His fondness for ornithology had already taken root in him for a long time and, in fact, he even published his first studies on birds in 1923, when he was still studying medicine at Greifswald. The long excursions through the countryside together with his father had helped him avidly observe all kinds of birds. characteristic of the German landscape, taking an interest in its behaviour, ecological relations and the environment in which it they lived.

After completing his training on German soil Ernst Mayr he had the opportunity to spend two years traveling around the Pacific islands, especially New Guinea and the Solomon Islands. It was a scientific expedition, in which he was researching and relating to endemic species of birds of Oceania, with the intention of finding and establishing genetic laws and evolutionary.

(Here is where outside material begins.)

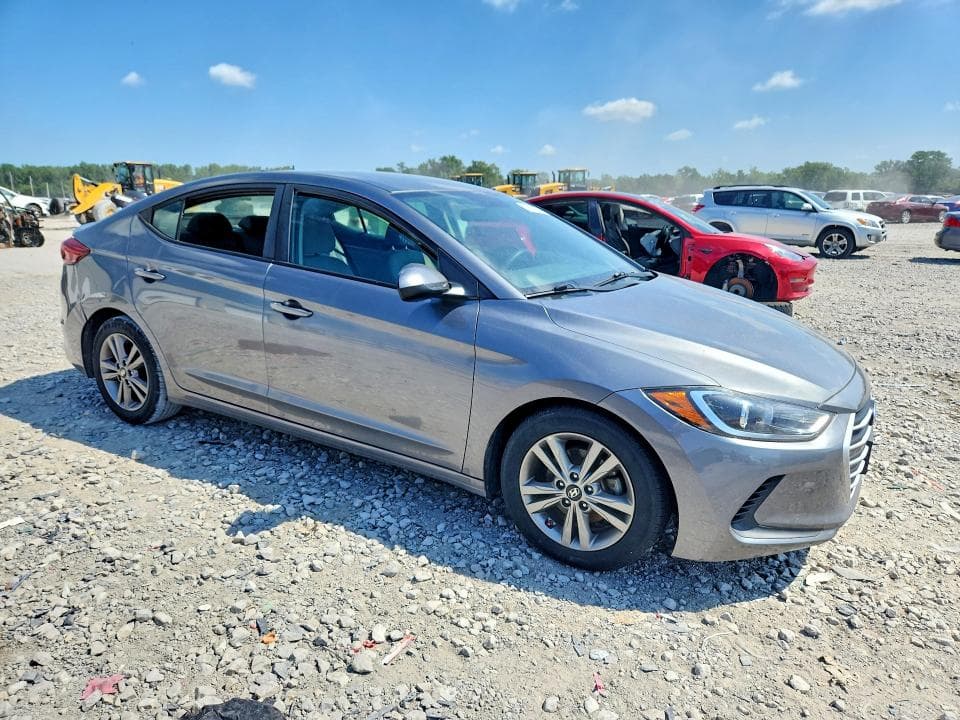 2018 HYUNDAI ELANTRA SEL 4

Thanks to his observations during the Ernst Mayr expedition, whose journey resembled that of Charles Darwin aboard the Beagle, he was fully convinced of the correctness of the naturalist's evolutionary theory English. However, despite his conviction with the Darwinian postulates, he had doubts as to how it was possible that individuals of the same species, at some point in its evolutionary history, cease to be part of it and give rise to two or more new species and differentiated.

He later went to the United States to work at the Museum of Natural History in New York., where he did research on bird taxonomy from 1931 to 1935. A little later, in 1937, he along with other scientists gave support to the theory of the "modern evolutionary synthesis", which had already been outlined in the book "Genetics and the origin of of the Species” by the Russian-American geneticist Theodosius Dobzhansky, a book that was crucial in spreading evolutionary postulates within the scientific community international.

From 1953 to 1975 he taught Comparative Zoology at Harvard University. In 1961 he became the director of the Harvard Museum of Comparative Zoology. Shortly before entering that institution as a teacher, Mayr he had proposed a new classification for fossils, including those of hominids that had been documented up to that time. This alternative proposal ended up having wide acceptance within the paleontology community.

His wife was Margarete Mayr, who died in 1990, with whom he had two daughters. Ernst Walter Mayer died on February 3, 2005 in Bedford, Massachusetts, United States, after a brief period of age-related illness. At the time of his death he was 100 years old, half a year shy of turning 101 and having known five grandchildren and ten great-grandchildren.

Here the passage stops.